Dieser Vorgang ist zu begrüßen, weil sich so die Möglichkeit zu privatwirtschaftlichem Handeln eröffnet. Damit verbunden ist auch die Hoffnung, dadurch neue Arbeitsplätze zu schaffen und sowohl privates Einkommen wie auch neue Steuern zu erwirtschaften - zum Wohl der Betroffenen wie auch des Landes.

Zugleich aber führt diese Nachricht zu erheblicher Betroffenheit: Wie verträgt es sich mit dem Gleichheitsgebot (Art. 3) des Grundgesetzes, in dem es in Absatz 3 wörtlich heißt: "Niemand darf ... wegen seiner Abstammung, seiner Rasse, seiner Herkunft, seiner Heimat und seiner Sprache ... benachteiligt werden", wenn die Rückgabe den ausländischen Mitbürgern gewährt wird, den deutschen aber nicht?

Das Verfassungsgericht in Karlsruhe hatte in mehreren Urteilen entschieden, daß dem Gebot zur Wiedervereinigung, das in der Präambel des Grundgesetzes verankert war, der Vorrang vor anderen Artikeln zukomme. Inzwischen wissen wir aber, daß es die von der Regierung Kohl behaupteten Bedingungen der Sowjets oder der DDR für die deutsche Wiedervereinigung nicht gegeben hat, wir wissen auch, daß es nicht einmal eine "Einschätzung" (Urteil von 1996) in diese Richtung gab. Die Regierung Kohl handelte in dieser Angelegenheit grob pflichtwidrig - aus Gründen des Machterhalts, um vor der Wahl 1990 keine Steuern aufgrund der Kosten der Wiedervereinigung erhöhen zu müssen. Dies war moralisch verwerflich und volkswirtschaftlich töricht, wie sich in den folgenden Jahren immer deutlicher zeigte.

Aber: Nicht nur der Artikel 3 Grundgesetz wurde mißachtet. Ebenso der Artikel 14 (Schutz des Eigentums), der Artikel 19 Abs. 2 (der Wesensgehalt der Grundrechte muß erhalten bleiben), der Artikel 25 (Völkerrecht geht deutschem Recht vor), und die Haager Landkriegsordnung, also das Völkerrecht, verbietet in Artikel 46 Abs. 3 die Konfiskation privater Immobilien.

Das Wichtigste aber ist: Artikel 1 Grundgesetz sagt: Die Würde des Menschen ist unantastbar. Punkt!

Ist es keine Verletzung der Menschenwürde, ihm die Heimat zu rauben, ihn mit zynischen Verordnungen vom Rechtsschutz auszuschließen, ihn in unsagbare Prozesse hineinzujagen, damit wirtschaftlich auszubluten, nur um am Ende höhnisch festzustellen: Leider gilt das Recht nicht für dich, das war der Preis der Wiedervereinigung?

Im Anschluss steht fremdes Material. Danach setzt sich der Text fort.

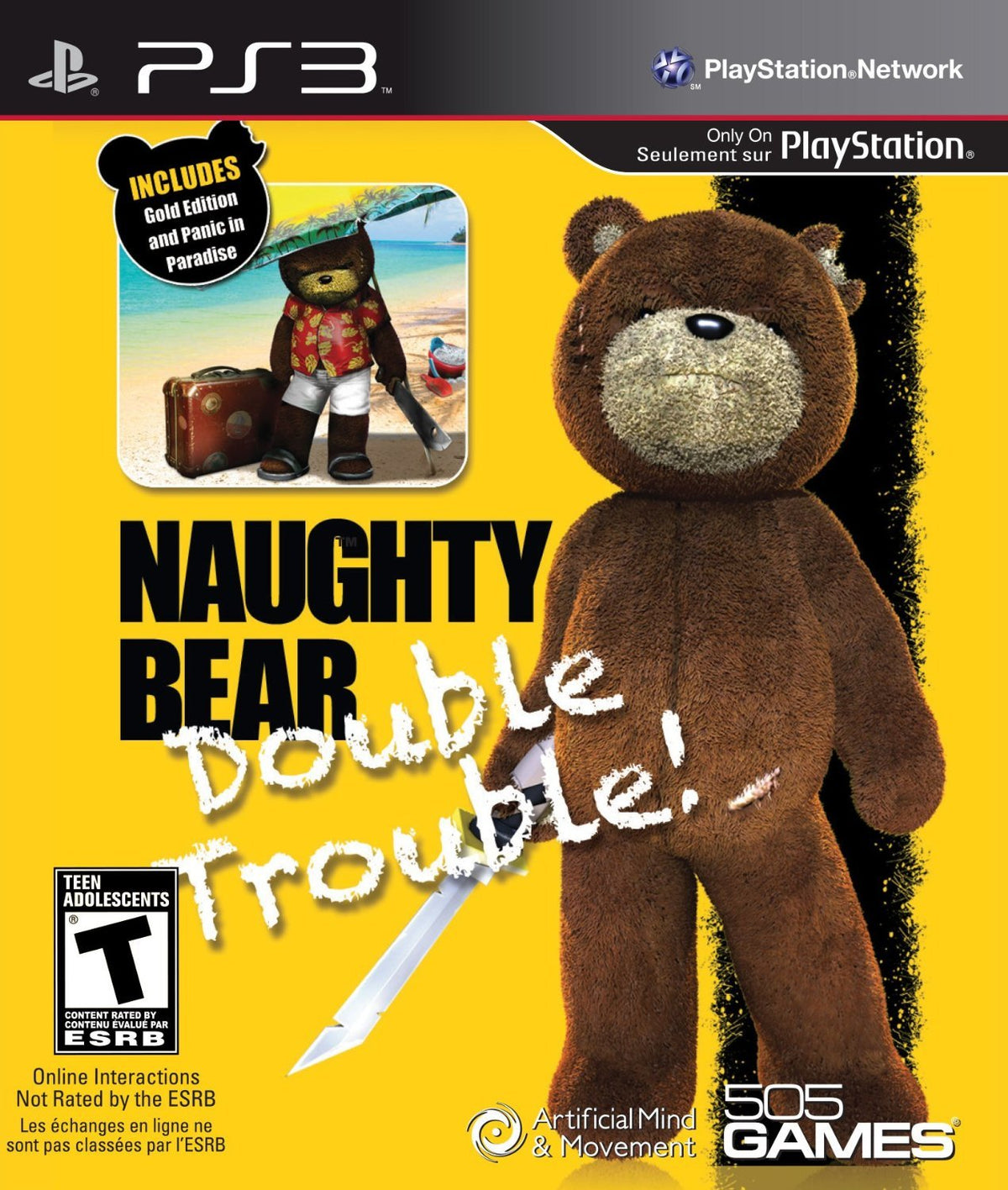 Naughty Bear - Double Trouble - Playstation 3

Gibt es eigentlich in diesem Land keine mutigen Politiker mehr, die sich vor den deutschen Bundestag stellen und sagen: Hier ist schändlich gelogen worden, wir müssen das dringend korrigieren? Gibt es keine mutigen Juristen und Richter mehr, die sagen: Die Wahrheit muß die Grundlage der Gerechtigkeit sein, nicht die Lüge? Gibt es keine mutigen Journalisten mehr, die, wie vor 100 Jahren in Frankreich der berühmte Zola, den Artikel schreiben: J'accuse! (Ich klage an!)?

Der Fall Reuss kann der Ausgangspunkt werden, zur Glaubwürdigkeit des demokratischen Rechtsstaates zurückzufinden. Es ist höchste Zeit.